Rick Knox as Deus Ex Machina: PWG Threemendous III Review

TH Style, folks.

Highlights:
  • Joey Ryan, in the middle of his 87% campaign, choked out Famous B with the katahajime to get the win.
  • Roderick Strong fended off a feisty TJ Perkins enough to nail him with the suplex backcracker for the win.
  • In a match where the crowd turned against them, the RockNES Monsters used shady teamwork to get a backslide pin on Ryan Taylor to beat him and his "brother" Chuck.
  • Brian Cage scored a mild upset over Eddie Edwards with the Weapon X (Gory Special Flatliner). Afterwards, he called out whoever came out of the World Title match.
  • In a CERTIFIED HOSS FIGHT that featured Cage running in to waylay BOTH competitors, Kevin Steen finished off Willie Mack with the Psycho Driver.
  • B-Boy defeated a debuting Drake Younger with a sheer-drop Air Raid Crash.
  • Sami Callihan didn't wait for the bell to ring to assault Michael Elgin, but it would be the Canadian getting the last laugh, defeating Callihan with his buckle bomb/spiral bomb combo.
  • With some help from a scorned and bloodied Rick Knox, The Super Smash Bros. retained the PWG World Tag Team Championships in a crazy three-way ladder match over the Young Bucks and Future Shock.

General Observations:
  • Joey Ryan kicked the show off by interrupting Excalibur's show intro, which led the crowd to chant "Fuck TNA!" Remember, this was right after his Gut Check rejection and his "87 percent" approval rate on the Impact site poll.
  • Rick Knox makes Ryan pay for his interruption by clotheslining him, allowing Famous B to get a beat on him to start the match.
  • Famous B fanned on a plancha to start the match and then whiffed on a cross-body later on.

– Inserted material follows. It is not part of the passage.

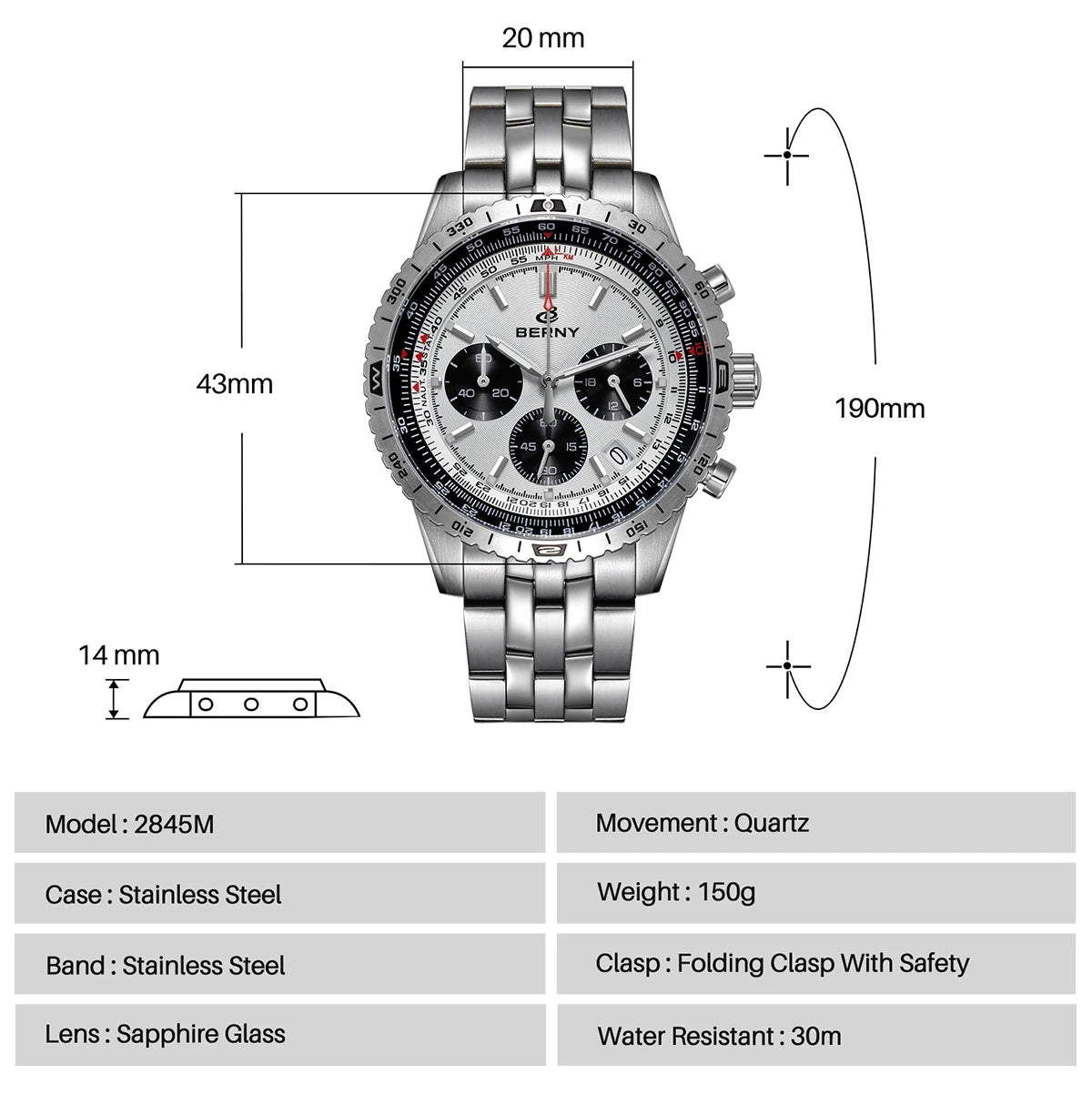Chronograph Watches for Men Aviation Multifunction Quartz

They were spectacular (intentional) misses though, the first one setting up a cool fakeout on Ryan later on in the match.
  • The only good that could come out of anyone having heat with Taz is that they might break out the katahajime and remind us all of the time before the guy became an awful announcer.
  • There are few things more beautiful in context of a wrestling match than someone going hard to the mat with TJ Perkins. He makes the opening feeling out process feel exciting.
  • Perkins at one point segued Strong into a figure four/single crab hybrid, which I felt like he totally wasted on doing it in the beginning of the match. I think that's totally a submission hold that could finish a match.
  • Excalibur more than most likes to tout Strong as having "Freaky Roddy Strength." He showed the epitome of that here, hoss-tossing Perkins HARD into the corner. In what would be the theme of the night, the ring may have moved an inch or so on the impact.
  • I wonder how many people are going to watch this match and get douche-chilling flashbacks to every WWE Rey Mysterio match when Perkins drop-toe-held Strong into leaning over the middle rope? I wanted him to do the 619 just to troll the shit out of everyone, but the springboard dropkick he did pull off was just fine.
  • Ryan Taylor spat beer at the RockNES Monsters before their match began, which to me felt like an egregious waste of the holy liquor at whose altar I worship. I don't care if it probably was Miller Lite or some other variant. Beer's beer!
  • Chuck Taylor scooped up streamers thrown in the ring and put them in the back of his trunks. A little later, he yanked them out and tossed them into Johnny Yuma's face.
  • The Monsters had just come back from a tour of Japan (and boy, were their arms tired!), which the announcers noted throughout the match. They were unusually dickish during the match, including Yuma sprinting around the ring and yanking Chuck off the apron to prevent Ryan from making a tag.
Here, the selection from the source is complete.